Para o presidente da CNC, José Roberto Tadros, o dado indica um esforço das famílias em manter o equilíbrio financeiro, mesmo diante de juros elevados. O uso mais consciente do crédito e o planejamento financeiro parecem ser as chaves para essa estabilidade.
Tendência de endividamento deve seguir em alta
A projeção da CNC aponta para um crescimento contínuo no endividamento familiar até o final de 2025, com um aumento estimado de 2,5 pontos percentuais. Por outro lado, espera-se uma queda leve na inadimplência (0,7 p.p.), refletindo maior confiança do consumidor e reorganização do orçamento doméstico.
Outro dado importante é o recuo do tempo médio de inadimplência: 47,6% dos inadimplentes estão com dívidas atrasadas há mais de 90 dias, o menor índice desde maio de 2024. Isso mostra uma tendência de quitação mais rápida das dívidas.
Modalidades de crédito e mudanças no perfil das dívidas
O cartão de crédito ainda lidera como principal modalidade de endividamento, presente em 83,7% dos lares endividados. No entanto, sua participação caiu em comparação com o ano anterior. Os carnês, por sua vez, voltaram a ganhar espaço, revelando uma busca por formas alternativas de crédito, mesmo que mais onerosas.
O economista-chefe da CNC, Felipe Tavares, destaca que a dificuldade de acesso ao crédito formal está levando as famílias a recorrerem a opções como carnês e crédito pessoal, que têm juros mais altos.
Além disso, as famílias estão optando por prazos mais curtos nas dívidas. Compromissos superiores a um ano caíram para 34,4%, enquanto aumentaram os contratos entre três meses e um ano. Isso mostra maior cautela e foco na liquidez.
Endividamento cresce mais entre famílias de baixa renda
O maior crescimento do endividamento foi registrado entre as famílias com renda de até três salários mínimos. Já a maior redução na inadimplência ocorreu entre aquelas que recebem entre cinco e dez salários. Por outro lado, famílias com rendas mais altas apresentaram aumento na inadimplência e na dificuldade de quitar dívidas vencidas.
Entre os gêneros, o endividamento cresceu para homens (0,5 p.p.) e mulheres (0,9 p.p.). Contudo, enquanto os homens melhoraram a capacidade de pagamento, as mulheres registraram aumento na inadimplência e na percepção negativa sobre o pagamento de débitos vencidos.

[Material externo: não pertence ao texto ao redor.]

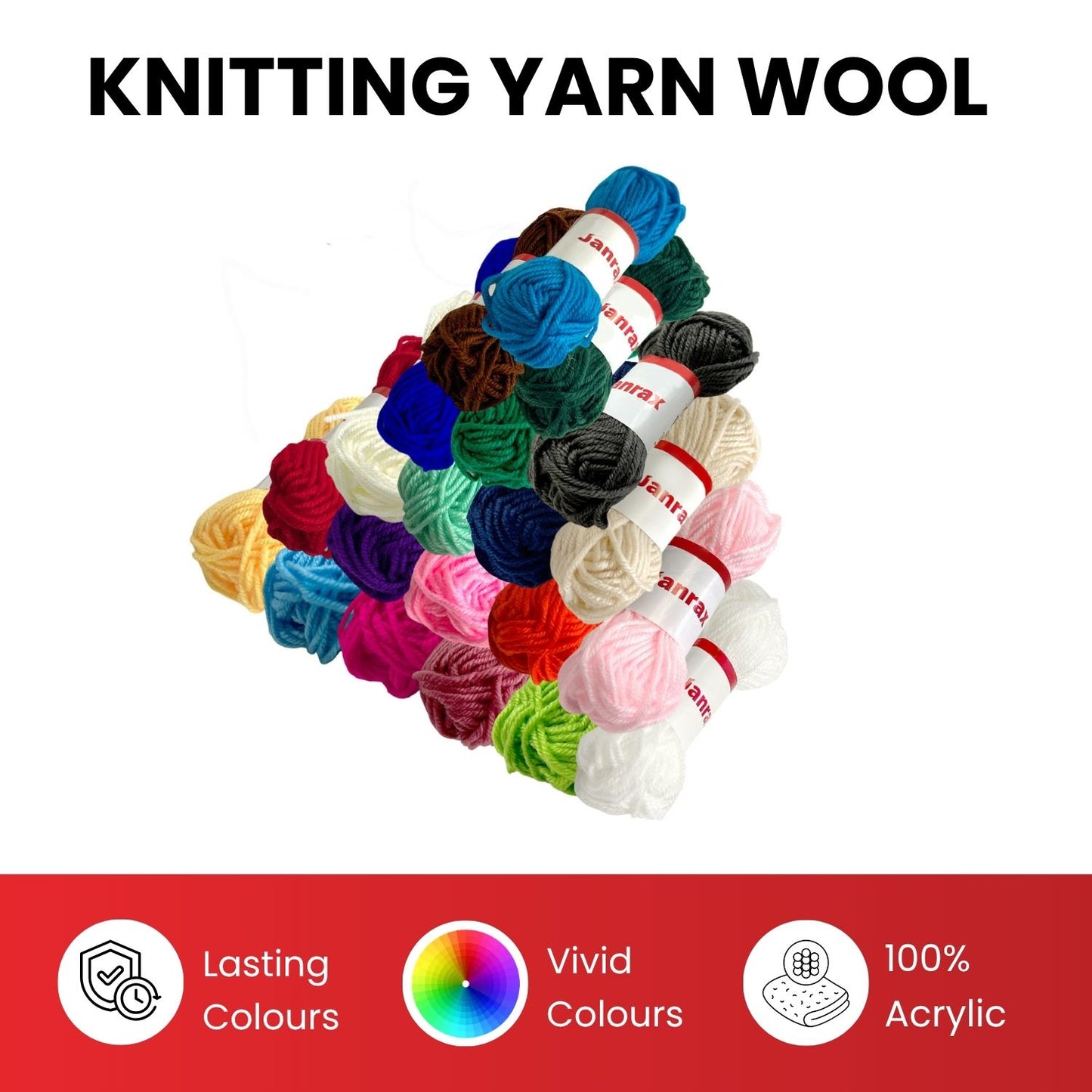Pack of 10 Black Acrylic Yarn Rolls – 10g each, 4 Strand 8 Ply Knitting Wool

Cenário em São Paulo: mais consumo, menor inadimplência
Dados da Fecomércio-SP mostram que, mesmo com o aumento de 1,5 p.p. no número de lares endividados na capital paulista, a inadimplência praticamente não se alterou. O percentual de famílias incapazes de pagar dívidas caiu para 8,1%, o menor nível desde agosto de 2024.
Com o mercado de trabalho aquecido e o aumento da renda média, o consumo voltou a crescer. O comprometimento da renda com dívidas está abaixo dos 30%, e o tempo médio de pagamento caiu para 7,5 meses.
O tempo médio de atraso também diminuiu, fixando-se em 63,2 dias. Esse encurtamento reduz os juros sobre dívidas atrasadas e acelera o retorno dessas famílias ao consumo.
Menor intenção de contrair crédito no curto prazo
Mesmo com sinais positivos na economia, a intenção de contratar crédito entre os paulistanos está em queda. De 17% em fevereiro, o número caiu para 15,5% em março. Esse movimento demonstra uma postura mais cautelosa diante da inflação, especialmente dos alimentos.
A maioria das pessoas que ainda pensa em pegar crédito (89%) pretende usá-lo para consumo, o que reforça o otimismo, mas também revela prudência na forma de gastar.
O aumento do endividamento, aliado à estabilidade da inadimplência, indica uma maturidade maior das famílias brasileiras na gestão do crédito. Mesmo com juros altos e inflação pressionando os orçamentos, o consumidor está mais atento, planejando melhor seus gastos e buscando alternativas para manter o equilíbrio financeiro.
Esse cenário sugere que, com educação financeira e acesso responsável ao crédito, é possível manter o consumo ativo sem comprometer a saúde financeira no longo prazo.